Comparative efficacy & safety of buparlisib plus fulvestrant, fulvestrant plus dalpiciclib, and ribociclib plus letrozole for postmenopausal, hormone receptor-positive, and HER2-negative breast cancer

Clinics (Sao Paulo). 2023 Oct 28:78:100291. doi: 10.1016/j.clinsp.2023.100291. Online ahead of print.

Abstract

Objectives: This study aimed to compare progression-free survival, overall survival, clinical benefits, and adverse effects in postmenopausal women with hormone receptor-positive and HER2-negative breast cancer who received buparlisib plus fulvestrant against those of women who received dalpiciclib plus fulvestrant, considering ribociclib plus letrozole treatment as the reference standard.

Methods: Women received buparlisib plus fulvestrant (BF cohort, n = 108), dalpiciclib plus fulvestrant (DF cohort, n = 132), or ribociclib plus letrozole (RL cohort, n = 150) until unacceptable toxicity was observed.

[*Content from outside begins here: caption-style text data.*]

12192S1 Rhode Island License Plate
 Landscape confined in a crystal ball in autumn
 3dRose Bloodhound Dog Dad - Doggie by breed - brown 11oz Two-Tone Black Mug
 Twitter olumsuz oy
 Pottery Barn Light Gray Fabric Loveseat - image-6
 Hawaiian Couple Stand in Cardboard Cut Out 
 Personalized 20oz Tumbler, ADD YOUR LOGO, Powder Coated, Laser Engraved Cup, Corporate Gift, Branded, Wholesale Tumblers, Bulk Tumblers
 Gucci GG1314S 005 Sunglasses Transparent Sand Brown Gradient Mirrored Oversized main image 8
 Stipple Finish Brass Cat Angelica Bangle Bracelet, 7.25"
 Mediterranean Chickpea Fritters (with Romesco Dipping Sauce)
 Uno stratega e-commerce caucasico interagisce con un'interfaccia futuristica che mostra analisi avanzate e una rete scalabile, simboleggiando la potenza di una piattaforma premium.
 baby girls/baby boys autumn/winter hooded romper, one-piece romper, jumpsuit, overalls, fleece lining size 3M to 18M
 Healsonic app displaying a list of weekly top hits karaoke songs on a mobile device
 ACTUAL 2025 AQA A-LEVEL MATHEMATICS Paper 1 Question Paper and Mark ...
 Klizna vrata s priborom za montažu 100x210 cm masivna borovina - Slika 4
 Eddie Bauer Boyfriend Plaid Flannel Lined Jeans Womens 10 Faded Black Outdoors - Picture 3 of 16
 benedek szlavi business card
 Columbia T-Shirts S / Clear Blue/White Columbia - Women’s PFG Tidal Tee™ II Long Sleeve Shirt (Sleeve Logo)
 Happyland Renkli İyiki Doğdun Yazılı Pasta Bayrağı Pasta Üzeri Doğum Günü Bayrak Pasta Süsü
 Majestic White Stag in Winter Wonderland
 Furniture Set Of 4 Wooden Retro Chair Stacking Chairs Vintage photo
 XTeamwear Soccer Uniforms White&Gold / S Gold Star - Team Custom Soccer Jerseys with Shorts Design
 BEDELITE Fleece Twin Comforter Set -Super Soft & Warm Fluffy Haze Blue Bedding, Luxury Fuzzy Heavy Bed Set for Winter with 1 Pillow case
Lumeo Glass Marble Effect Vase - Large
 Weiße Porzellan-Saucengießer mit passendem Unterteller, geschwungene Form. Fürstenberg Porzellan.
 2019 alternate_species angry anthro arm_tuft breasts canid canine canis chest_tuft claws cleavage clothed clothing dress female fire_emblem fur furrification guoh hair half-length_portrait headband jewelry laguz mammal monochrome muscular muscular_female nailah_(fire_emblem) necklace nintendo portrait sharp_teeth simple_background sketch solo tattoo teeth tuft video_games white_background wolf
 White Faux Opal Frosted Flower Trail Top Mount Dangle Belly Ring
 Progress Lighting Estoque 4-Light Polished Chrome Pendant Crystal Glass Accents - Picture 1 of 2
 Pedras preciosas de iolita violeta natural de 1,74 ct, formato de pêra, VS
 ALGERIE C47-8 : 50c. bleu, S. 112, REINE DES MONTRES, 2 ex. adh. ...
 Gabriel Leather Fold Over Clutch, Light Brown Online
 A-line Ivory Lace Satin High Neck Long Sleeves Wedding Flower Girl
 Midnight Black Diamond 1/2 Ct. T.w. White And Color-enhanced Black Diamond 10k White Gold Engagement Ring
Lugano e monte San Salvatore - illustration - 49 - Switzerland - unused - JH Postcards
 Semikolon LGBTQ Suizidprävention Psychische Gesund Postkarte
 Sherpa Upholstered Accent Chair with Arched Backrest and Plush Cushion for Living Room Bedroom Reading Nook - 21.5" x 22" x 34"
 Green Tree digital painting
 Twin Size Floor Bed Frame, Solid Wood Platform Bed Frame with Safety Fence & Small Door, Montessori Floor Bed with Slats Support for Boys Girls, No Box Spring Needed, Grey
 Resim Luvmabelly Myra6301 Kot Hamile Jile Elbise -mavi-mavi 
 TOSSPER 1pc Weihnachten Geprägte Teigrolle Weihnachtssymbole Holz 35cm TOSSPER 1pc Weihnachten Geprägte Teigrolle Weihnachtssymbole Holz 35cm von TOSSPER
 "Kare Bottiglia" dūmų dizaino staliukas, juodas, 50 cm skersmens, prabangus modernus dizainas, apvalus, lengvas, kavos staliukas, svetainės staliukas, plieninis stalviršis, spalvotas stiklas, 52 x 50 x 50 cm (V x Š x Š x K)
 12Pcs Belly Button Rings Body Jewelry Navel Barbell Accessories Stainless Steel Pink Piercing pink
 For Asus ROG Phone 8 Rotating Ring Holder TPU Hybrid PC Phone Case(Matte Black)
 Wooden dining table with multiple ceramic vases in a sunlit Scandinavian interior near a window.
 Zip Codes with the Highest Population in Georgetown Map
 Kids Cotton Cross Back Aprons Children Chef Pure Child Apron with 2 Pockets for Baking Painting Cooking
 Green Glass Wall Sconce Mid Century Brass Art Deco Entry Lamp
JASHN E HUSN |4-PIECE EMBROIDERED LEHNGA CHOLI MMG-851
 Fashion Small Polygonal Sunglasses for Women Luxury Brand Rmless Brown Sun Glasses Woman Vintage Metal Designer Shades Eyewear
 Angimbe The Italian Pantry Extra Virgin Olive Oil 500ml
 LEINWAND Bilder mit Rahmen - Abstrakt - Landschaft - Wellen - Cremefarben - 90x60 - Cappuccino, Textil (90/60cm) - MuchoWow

Results: A total of 117 (89 %), 80 (74 %), and 84 (56 %) women in the BF, DF, and RL cohorts, respectively, had clinical benefits. After treatment, the clinical benefits for women and after 42 months of follow-up progression-free survival and overall survival were higher in the DF cohort than in the BF and RL cohorts (p < 0.05 for all). Neutropenia, vomiting, constipation, nausea, diarrhea, and anorexia were reported higher in women of the DF and BF cohorts than in women of the RL cohort. Leukopenia and increased levels of alanine aminotransferase and aspartate aminotransferase were reported to be higher in women in the RL cohort than in women in the DF and BF cohorts. Depression, anxiety, and increased levels of alanine aminotransferase and aspartate aminotransferase were reported to be higher in women in the BF cohort than in women in the DF and RL cohorts.

Conclusions: Dalpiciclib plus fulvestrant is effective and comparatively safe in postmenopausal women with hormone receptor-positive and HER2-negative breast cancers. Dalpiciclib, buparlisib, fulvestrant, and ribociclib cause neutropenia, severe depression, adverse gastroenterological effects, and adverse hepatological effects, respectively.

Keywords: Breast cancer; Buparlisib; Dalpiciclib; Endocrine therapy; Fulvestrant; Letrozole; Ribociclib.